QUEER AND TRANS LIFE WRITING
[This isn’t the sort of novel excerpt that’s publishable as a short story. The narrator, Ned, is hiding in plain sight—on stage with a band called The Last Men, in front of a silent movie, he acts as narrator of the film between musical interludes.]
While the band skirled on, Foma whispered the words I was to repeat after him:
“One day, not long after the riots had congealed into marches, the head of sub-lieutenant Quý Quý Nangwa Danda and the body of sub-lieutenant Quý Quý Nangwa Danda sat in a windowless room, awaiting the return of their executioner.
“I say they ‘sat,’ but the head did not sit. The head of Quý Quý Nangwa Danda lay sideways atop a desk, its nose a chock that stopped it from rolling away. The body of Quý Quý Nangwa Danda sat slumped in a chair, spine gone slack. The neck had drooped to horizontal and its lopped-flat surface, ringed with bleeding shreds, was turned to the doorway, as if the plane of the neck-stump were now a face.
“The head, too, kept watch on the door.”
The screen showed nothing of the story Foma had just told me, no interrogation room, no head, no “Quý Quý Nangwa Danda”—all inventions of Foma’s. The scene remained as it had been at the start of our performance: survivors near ground zero, attending to the voices of the dead. I remember how those voices rose and fell as if modulated by waves of telluric energy. Sometimes the words of the dead sank beneath comprehensibility altogether, and then all we heard was a soft roaring: the murmur of the afterworld, a single clamor. That we could hear it at all promised great things, we thought.
Chanda Twala’s accordion wheezed a final chord and fell silent. Almut went on vamping for a bit, overblowing her baritone trumpet so that it throat-sang like a company of mystics, but then she too ceased, and Zamat rapped three times on his drum-box.
Behind me, Foma nudged my shoulder, and I relayed what I could of what he had told me. Of necessity, I spoke without Foma’s high style, but there was a feeling in the room as I told the story of the head and the body awaiting a second death.

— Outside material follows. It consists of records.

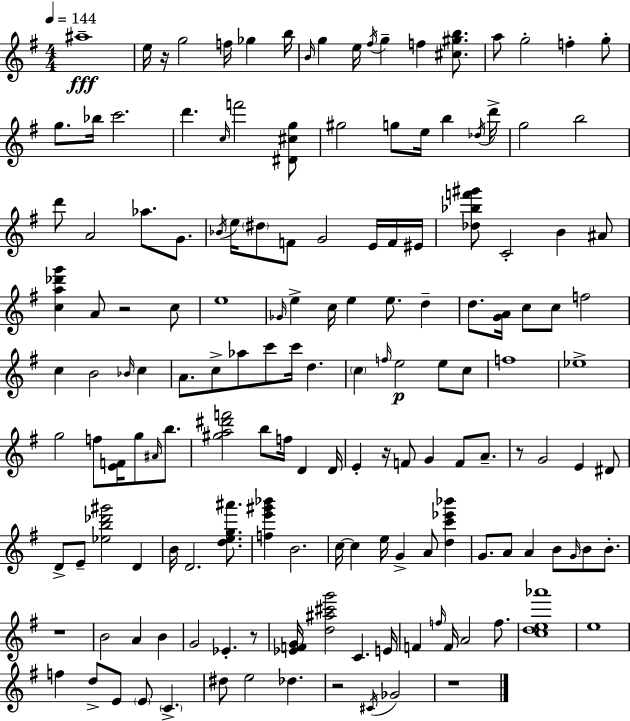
X:1
T:Untitled
M:4/4
L:1/4
K:G
^a4 e/4 z/4 g2 f/4 _g b/4 B/4 g e/4 ^f/4 g f [^c^gb]/2 a/2 g2 f g/2 g/2 _b/4 c'2 d' c/4 f'2 [^D^cg]/2 ^g2 g/2 e/4 b _d/4 d'/4 g2 b2 d'/2 A2 _a/2 G/2 _B/4 e/4 ^d/2 F/2 G2 E/4 F/4 ^E/4 [_d_bf'^g']/2 C2 B ^A/2 [ca_d'g'] A/2 z2 c/2 e4 _G/4 e c/4 e e/2 d d/2 [GA]/4 c/2 c/2 f2 c B2 _B/4 c A/2 c/2 _a/2 c'/2 c'/4 d c f/4 e2 e/2 c/2 f4 _e4 g2 f/2 [EF]/4 g/2 ^A/4 b/2 [^ga^d'f']2 b/2 f/4 D D/4 E z/4 F/2 G F/2 A/2 z/2 G2 E ^D/2 D/2 E/2 [_eb_d'^g']2 D B/4 D2 [deg^a']/2 [fe'^g'_b'] B2 c/4 c e/4 G A/2 [dc'_e'_b'] G/2 A/2 A B/2 G/4 B/2 B/2 z4 B2 A B G2 _E z/2 [_EFG]/4 [d^a^c'g']2 C E/4 F f/4 F/4 A2 f/2 [cde_a']4 e4 f d/2 E/2 E/2 C ^d/2 e2 _d z2 ^C/4 _G2 z4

People listened.
I delivered my version of Foma’s last line— “the head watched the door, waiting”—and as the band resumed, Foma leaned down once more and whispered in my ear:
“The body of Quý Quý Nangwa Danda sat slumped in a chair in an interrogation room, and before it on the desk lay the head. Body and head both faced the door, awaiting their executioner’s return.
“The lips moved against the surface of the desk. ‘Quý Quý,’ said the head of sub-lieutenant Quý Quý Nangwa Danda to the body, ‘you will have to take dictation for us.’
“Behind the head, the seated stump, so addressed, said nothing.
“‘Quý Quý,’ the head’s lips murmured, ‘if only you and I had escaped.’
“The neck was a stump, and so, too, the entire body: a stump.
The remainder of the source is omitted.